The Uni type is akin to a string and represents a sequence of codepoints. It is useful in edge cases, but doesn't support the same wealth of operations as Str. The typical way to go from Str to a Uni value is to use one of the NFC, NFD, NFKC, or NFKD methods, which yield a Uni value in the normalization form of the same name.

Below the Uni level you can also represent strings as bytes by choosing an encoding. If you want to get from string to the byte level, call the encode method:

my $bytes = 'Perl 6'.encode('UTF-8');

UTF-8 is the default encoding and also the one Perl 6 assumes when reading source files. The result is something that does the Blob role; you can access individual bytes with positional indexing, such as $bytes[0]. The decode method helps you to convert a Blob to a Str.

Numbers

Number literals in Perl 6 aren't limited to the Arabic digits we are so used to in the English speaking part of the world. All Unicode code points that have the Decimal_Number (short Nd) property are allowed, so you can for example use Bengali digits:

say ৪২;             # 42

The same holds true for string to number conversions:

say "৪২".Int;       # 42

For other numeric code points you can use the unival method to obtain its numeric value:

say "\c[TIBETAN DIGIT HALF ZERO]".unival;

which produces the output -0.5 and also illustrates how to use a codepoint by name inside a string literal.

Other Unicode Properties

The uniprop method in type Str returns the general category by default:

say "ø".uniprop;                            # Ll
say "\c[TIBETAN DIGIT HALF ZERO]".uniprop;  # No

The return value needs some Unicode knowledge in order to make sense of it, or one could read Unicode's Technical Report 44 for the gory details. Ll stands for Letter_Lowercase, No is Other_Number. This is what Unicode calls the General Category, but you can ask the uniprop (or uniprop-bool method if you're only interested in a boolean result) for other properties as well:

say "a".uniprop-bool('ASCII_Hex_Digit');    # True
say "ü".uniprop-bool('Numeric_Type');       # False
say ".".uniprop("Word_Break");              # MidNumLet

Collation

Sorting strings starts to become complicated when you're not limited to ASCII characters. Perl 6's sort method uses the cmp infix operator, which does a pretty standard lexicographic comparison based on the codepoint number.

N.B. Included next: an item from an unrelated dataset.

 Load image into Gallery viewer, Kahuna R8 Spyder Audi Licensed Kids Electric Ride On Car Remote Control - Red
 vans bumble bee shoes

If you need to use a more sophisticated collation algorithm, Rakudo 2017.02 and newer offer the Unicode Collation Algorithm as an experimental feature:

my @list = <a ö ä Ä o ø>;
say @list.sort;                     # (a o Ä ä ö ø)

use experimental :collation;
say @list.collate;                  # (a ä Ä o ö ø)
$*COLLATION.set(:tertiary(False));
say @list.collate;                  # (a Ä ä o ö ø)

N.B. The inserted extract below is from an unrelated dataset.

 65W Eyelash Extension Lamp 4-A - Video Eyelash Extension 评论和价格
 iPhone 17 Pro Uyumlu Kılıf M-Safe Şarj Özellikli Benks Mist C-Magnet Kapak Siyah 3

The default sort considers any character with diacritics to be larger than ASCII characters, because that's how they appear in the code point list. On the other hand, collate knows that characters with diacritics belong directly after their base character, which is not perfect in every language, but internally a good compromise.

For Latin-based scripts, the primary sorting criteria is alphabetic, the secondary diacritics, and the third is case. $*COLLATION.set(:tertiary(False)) thus makes .collate ignore case, so it doesn't force lower case characters to come before upper case characters anymore.

At the time of writing, language specification of collation is not yet implemented.

Summary

Perl 6 takes languages other than English very seriously, and goes to great lengths to facilitate working with them and the characters they use.

This includes basing strings on grapheme clusters rather than code points, support for non-Arabic digits in numbers, and access to large parts of Unicode database through built-in methods.